CUE: An open-source data validation language

There are two core aspects of CUE that make it different from the usual programming or configuration languages:

- Types are values
- Values (and thus types) are ordered into a lattice

These properties are relevant almost to everything that makes CUE what it is. They simplify the language, as many concepts that are distinct in other languages fold together. The resulting order independence simplifies reasoning about values for both humans and machines.

It also forces formal rigor on the language, such as defining exactly what it means to be optional, a default value, or null. Making sure all values fit in a value lattice leaves no wiggle room.

The application of set-theoretic types is getting more and more mainstream as they turn out to be very effective in (partially) typing dynamic languages (i.e. Typescript). Other popular examples are Scala(3) and Kotlin, together with other (less mainstream) examples such as Ceylon, Typed Racket and the Avail programming language.

I've dabbled in Avail a few years ago, and was very impressed by Avail's type driven compiler, but not so much by its (extreme) DSL support. In contrast to Avail, I believe CUE is much more pragmatic while not allowing any 'tactical' compromises.

CUE has its origins at Google: the ability to compose CUE code/specifications is really useful at the scale that Google operates. The creator of CUE - Marcel van Lohuizen - has recently quit his job at Google to become a full-time developer of CUE. I think Marcel has created something really interesting, so I understand his decision!

Comment viewing options

Select your preferred way to display the comments and click "Save settings" to activate your changes.

A nice overview

May be a video will whet your appetite a bit more - or may be not?

I think this video really shows the interesting bits and pieces of CUE.

Question: does CUE signify an interesting new approach in the realm of programming languages? I believe so, because I have a hard time finding related work that is close to CUE.
Some feedback on related work is much appreciated.

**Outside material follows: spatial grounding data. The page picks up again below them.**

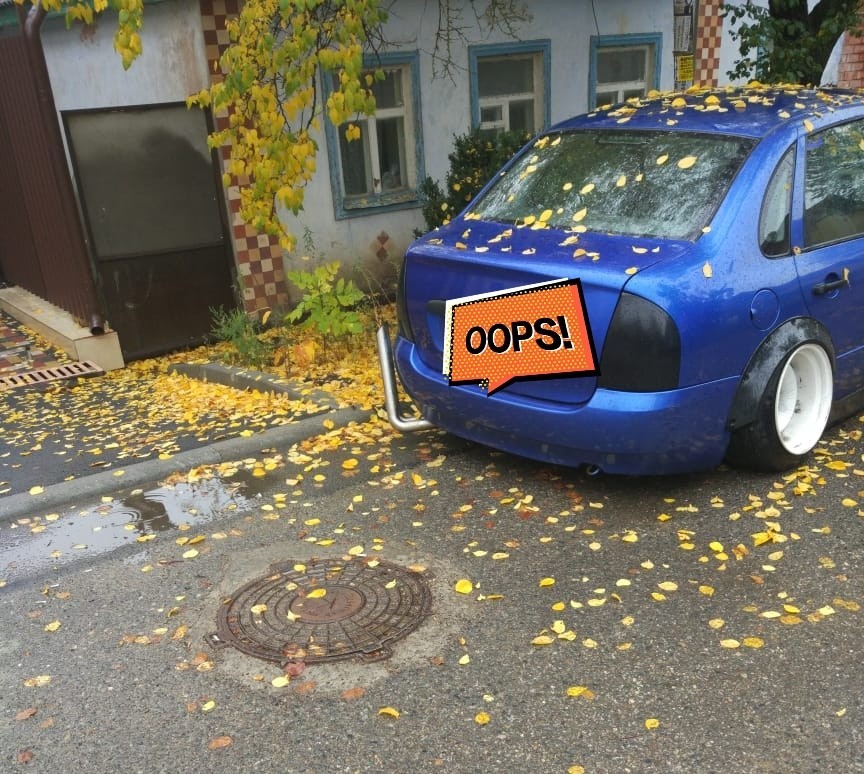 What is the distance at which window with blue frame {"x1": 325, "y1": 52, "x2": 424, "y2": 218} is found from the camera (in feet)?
30.5

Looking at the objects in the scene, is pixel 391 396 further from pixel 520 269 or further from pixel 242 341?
pixel 242 341

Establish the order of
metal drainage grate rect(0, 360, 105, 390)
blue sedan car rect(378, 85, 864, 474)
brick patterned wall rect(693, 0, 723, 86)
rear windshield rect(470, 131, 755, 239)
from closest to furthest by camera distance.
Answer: blue sedan car rect(378, 85, 864, 474) → rear windshield rect(470, 131, 755, 239) → metal drainage grate rect(0, 360, 105, 390) → brick patterned wall rect(693, 0, 723, 86)

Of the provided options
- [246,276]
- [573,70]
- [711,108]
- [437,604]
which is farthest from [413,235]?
[437,604]

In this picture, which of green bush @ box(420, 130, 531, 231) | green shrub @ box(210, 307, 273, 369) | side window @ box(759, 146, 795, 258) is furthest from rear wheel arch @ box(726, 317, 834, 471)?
green bush @ box(420, 130, 531, 231)

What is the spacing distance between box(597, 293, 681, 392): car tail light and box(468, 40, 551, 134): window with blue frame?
655 cm

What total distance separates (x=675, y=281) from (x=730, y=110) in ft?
4.82

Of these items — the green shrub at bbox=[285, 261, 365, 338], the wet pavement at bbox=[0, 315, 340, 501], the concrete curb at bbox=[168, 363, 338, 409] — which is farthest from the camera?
the green shrub at bbox=[285, 261, 365, 338]

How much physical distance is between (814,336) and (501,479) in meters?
1.69

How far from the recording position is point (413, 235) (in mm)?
9805

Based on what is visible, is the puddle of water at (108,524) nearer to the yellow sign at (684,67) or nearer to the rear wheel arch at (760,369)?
the rear wheel arch at (760,369)

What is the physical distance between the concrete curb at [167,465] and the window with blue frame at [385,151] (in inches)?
160

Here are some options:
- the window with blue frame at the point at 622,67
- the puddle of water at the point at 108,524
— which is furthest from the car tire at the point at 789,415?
the window with blue frame at the point at 622,67

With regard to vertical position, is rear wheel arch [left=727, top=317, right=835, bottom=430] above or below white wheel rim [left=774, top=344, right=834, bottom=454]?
above

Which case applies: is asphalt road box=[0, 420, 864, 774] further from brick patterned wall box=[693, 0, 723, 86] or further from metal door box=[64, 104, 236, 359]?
brick patterned wall box=[693, 0, 723, 86] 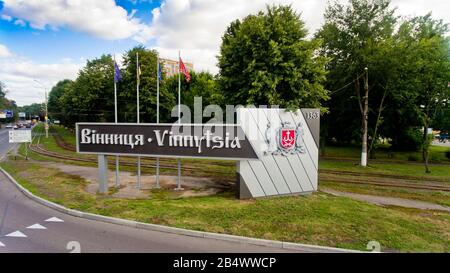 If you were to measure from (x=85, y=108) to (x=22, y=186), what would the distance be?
108ft

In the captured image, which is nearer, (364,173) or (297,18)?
(297,18)

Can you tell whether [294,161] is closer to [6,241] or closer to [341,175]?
[341,175]

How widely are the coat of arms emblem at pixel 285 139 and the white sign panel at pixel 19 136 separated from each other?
25522 millimetres

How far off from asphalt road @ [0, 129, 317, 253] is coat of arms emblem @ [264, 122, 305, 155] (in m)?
5.75

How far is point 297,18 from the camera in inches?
775

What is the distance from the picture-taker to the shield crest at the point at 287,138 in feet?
41.4

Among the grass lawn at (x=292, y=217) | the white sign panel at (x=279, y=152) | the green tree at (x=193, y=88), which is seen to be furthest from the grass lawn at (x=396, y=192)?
the green tree at (x=193, y=88)

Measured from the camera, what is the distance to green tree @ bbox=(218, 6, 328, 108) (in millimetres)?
18266

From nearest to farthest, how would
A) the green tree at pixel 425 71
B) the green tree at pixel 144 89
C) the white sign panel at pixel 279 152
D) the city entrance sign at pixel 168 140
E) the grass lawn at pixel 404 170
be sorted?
the city entrance sign at pixel 168 140
the white sign panel at pixel 279 152
the grass lawn at pixel 404 170
the green tree at pixel 425 71
the green tree at pixel 144 89

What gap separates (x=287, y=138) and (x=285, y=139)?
12 centimetres

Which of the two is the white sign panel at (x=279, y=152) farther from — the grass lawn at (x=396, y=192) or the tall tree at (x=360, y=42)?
the tall tree at (x=360, y=42)

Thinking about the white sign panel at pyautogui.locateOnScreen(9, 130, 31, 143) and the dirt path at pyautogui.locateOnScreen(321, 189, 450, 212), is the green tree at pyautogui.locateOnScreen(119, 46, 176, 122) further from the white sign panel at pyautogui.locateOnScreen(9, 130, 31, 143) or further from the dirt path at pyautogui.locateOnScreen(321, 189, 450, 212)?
the dirt path at pyautogui.locateOnScreen(321, 189, 450, 212)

Marcel van Lohuizen - the creator of CUE - traces CUE back to the graph unification model that is/was in common use in computational linguistics. May be we can take some lessons learned from computational linguistics (especially scaling up to 100.000 lines of constraints) in order to improve programming language design?

btw. lambda the ultimate is really slow and unpredictable - not sure why. Posting is a bit of a challenge lately.

ltu

This is the first time that I've been able to get to ltu in ~6 months ...

Programming with lattice structure

If you are interested in where theory is going, I recommend looking at Flix, an ambitious PL aimed at supporting applications in static analysis and Datafun, a more theoretically oriented PL among whose two developers is our very own neelk. Both are extensions of Datalog with support for defining fixpoints.

Nice references

Thank you Charles, for your comment and references to modern and related work.

Indeed, the theory behind Flix and Datafun is very solid, so that means CUE is in good company!

I've encountered Flix and Datafun in the past. Flix really stood out for me because it's so close to Scala and I like Scala a lot.
That said, Flix's datalog embedding feels a bit second-class to the rest of the language.
A really neat hack of Flix is that it uses intersection types to 'contagiously' inject effect types as a parameter and return type. I think other languages (Scala and CUE!) should consider Flix's hack to track effects to similar effect.

But what I really like about CUE is the pragmatism and the immediate value it already brings to validating json and yaml with its tooling.
I also think CUE's semantics are indifferent to Datalog (it appears to be closer to propagation networks). But it could well be that an efficient implementation of CUE will be Datalog based.